A ministra, desde o princípio, deu o ar de quem queria realmente reformar o ensino sem pressões de organizações ou de corporações.
Por outro lado, também me pareceu que reduzir as manifs à capacidade de mobilização do PCP seria demasiado simplista.
As questões que colocas deixam-me inquieto, designadamente em relação aos alunos. Qual a volta a dar sem passar pelo abandono das políticas ministeriais ou pela derrota dos professores?
É preciso que algo mude... mas não para que continue tudo na mesma.
Como é também possível que se tenha chegado a um ponto em que o diálogo é impossível. Será que chegou o momento de uma intervenção presidencial?
Abraços

ana v. disse...

Parabéns pela tua intervenção, Sofia. As reflexões que aqui expressas acabam de demonstrar, à exaustão, que o que pensas e escreves vai muito além de pimpineiras e lugares-comuns. Para quem podia ainda ter dúvidas, que a mim não me surpreendem.

Quanto a ti, Mário, não vou dar-me ao trabalho de responder a provocações infatis e patetas como a que me diriges. A cada um os seus horizontes, de facto...

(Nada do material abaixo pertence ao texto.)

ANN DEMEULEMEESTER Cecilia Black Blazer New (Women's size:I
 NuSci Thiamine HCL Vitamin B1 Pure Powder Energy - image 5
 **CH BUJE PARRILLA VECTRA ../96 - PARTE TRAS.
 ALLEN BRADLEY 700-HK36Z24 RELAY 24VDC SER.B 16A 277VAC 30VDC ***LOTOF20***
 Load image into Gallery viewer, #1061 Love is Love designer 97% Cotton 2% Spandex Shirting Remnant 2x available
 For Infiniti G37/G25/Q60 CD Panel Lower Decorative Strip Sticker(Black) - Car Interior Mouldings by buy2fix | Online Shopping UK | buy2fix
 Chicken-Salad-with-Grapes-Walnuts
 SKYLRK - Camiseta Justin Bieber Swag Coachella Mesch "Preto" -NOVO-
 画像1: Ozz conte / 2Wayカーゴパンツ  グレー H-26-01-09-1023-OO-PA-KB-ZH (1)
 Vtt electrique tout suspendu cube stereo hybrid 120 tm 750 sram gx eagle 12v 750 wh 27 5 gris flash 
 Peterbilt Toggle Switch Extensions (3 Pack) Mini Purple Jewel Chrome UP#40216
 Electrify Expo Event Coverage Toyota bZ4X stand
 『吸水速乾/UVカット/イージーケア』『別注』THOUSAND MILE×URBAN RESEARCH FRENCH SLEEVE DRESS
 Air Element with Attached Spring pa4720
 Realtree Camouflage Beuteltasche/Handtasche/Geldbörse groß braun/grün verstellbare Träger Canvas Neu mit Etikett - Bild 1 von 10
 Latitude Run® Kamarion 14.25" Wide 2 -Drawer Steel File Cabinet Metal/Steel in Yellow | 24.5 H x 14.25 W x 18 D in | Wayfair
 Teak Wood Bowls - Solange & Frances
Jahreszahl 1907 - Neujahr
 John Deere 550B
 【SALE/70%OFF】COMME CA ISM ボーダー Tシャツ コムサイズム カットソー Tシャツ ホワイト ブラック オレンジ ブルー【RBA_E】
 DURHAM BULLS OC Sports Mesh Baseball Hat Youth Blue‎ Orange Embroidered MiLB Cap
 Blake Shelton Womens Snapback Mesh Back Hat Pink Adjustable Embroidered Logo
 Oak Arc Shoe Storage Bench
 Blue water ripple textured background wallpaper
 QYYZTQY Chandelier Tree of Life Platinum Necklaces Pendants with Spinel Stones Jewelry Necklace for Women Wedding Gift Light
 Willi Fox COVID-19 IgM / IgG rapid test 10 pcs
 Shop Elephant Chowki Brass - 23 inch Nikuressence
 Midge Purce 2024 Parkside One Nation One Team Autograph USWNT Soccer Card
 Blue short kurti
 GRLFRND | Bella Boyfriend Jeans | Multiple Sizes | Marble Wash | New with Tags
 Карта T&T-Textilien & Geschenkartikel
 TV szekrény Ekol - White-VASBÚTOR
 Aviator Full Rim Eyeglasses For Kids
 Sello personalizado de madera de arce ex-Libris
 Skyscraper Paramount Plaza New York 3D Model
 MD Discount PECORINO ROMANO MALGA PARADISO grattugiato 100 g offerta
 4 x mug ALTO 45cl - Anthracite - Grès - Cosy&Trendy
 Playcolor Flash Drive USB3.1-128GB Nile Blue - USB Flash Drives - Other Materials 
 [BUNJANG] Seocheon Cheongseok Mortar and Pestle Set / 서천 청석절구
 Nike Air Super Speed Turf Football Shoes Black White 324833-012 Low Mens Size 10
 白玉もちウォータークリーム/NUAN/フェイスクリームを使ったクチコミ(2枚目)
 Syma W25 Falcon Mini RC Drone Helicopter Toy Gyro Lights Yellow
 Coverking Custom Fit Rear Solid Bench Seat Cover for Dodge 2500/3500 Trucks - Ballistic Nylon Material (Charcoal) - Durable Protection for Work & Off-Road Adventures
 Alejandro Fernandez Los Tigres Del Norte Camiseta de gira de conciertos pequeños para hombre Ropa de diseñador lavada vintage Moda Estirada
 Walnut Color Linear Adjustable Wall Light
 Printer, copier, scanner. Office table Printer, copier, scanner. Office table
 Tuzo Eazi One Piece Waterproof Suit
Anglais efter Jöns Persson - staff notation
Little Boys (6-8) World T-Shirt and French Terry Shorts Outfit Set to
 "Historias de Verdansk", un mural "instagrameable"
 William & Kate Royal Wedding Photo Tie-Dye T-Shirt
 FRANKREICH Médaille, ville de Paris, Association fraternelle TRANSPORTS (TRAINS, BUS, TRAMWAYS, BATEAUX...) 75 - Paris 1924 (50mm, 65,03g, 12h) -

E para ti, Miguel, um grande beijo de parabéns (embora atrasado), já que não me foi possível dar-to ao vivo. Os 5o anos podem ser uma idade de grandes descobertas, com maturidade e aproveitando ao máximo o que a vida nos dá. Goza-os bem.

Sofia K. disse...

Ainda diz o Miguel que tem poucos comentários! Como vês, estamos todos aqui, atentos a tudo o que se passa e se diz.

Mário, confesso que fiquei um pouco surpreendida com o seu comentário. Cada vez me surpreende mais (nem sempre pelas melhores razões!), mas creio que se devia ter ficado mesmo pelo que interessa (palavras suas!) e nisso prezo que estejamos de acordo.

Aninhas, aquilo que já sabes e o que vais descobrindo sobre mim é prova da grande amizade que temos uma pela outra. Bem sei que há coisas que já não pões em dúvida, a isso chamo confiança, amizade... e são duas coisas que não nos faltam! E quanto aos teus horizontes, nem vale a pena falar... só quem não te conhece. Beijinhos miúda!

miguel disse...

Fico muito feliz com os comentários....mesmo quando se "pegam". E repito: todos vocês fazem comentários de grande qualidade.

ana v. disse...

Alguém se "pegou" aqui, Miguel? Não dei por isso... foi só um ruído de fundo, que não vale a pena valorizar.
E obrigada, Sofia. Tenho muito orgulho em ser tua amiga, podes crer. És uma "miúda" muito especial.
Beijo aos dois

Mário disse...

AV
Desculpa. Foi de mau gosto.

ana v. disse...

Foi de mau gosto, sim, Mário. Ofensivo, mesmo, embora só me ofenda quem eu permito que o faça.
Mas estás desculpado. Não sou nem nunca fui de rancores.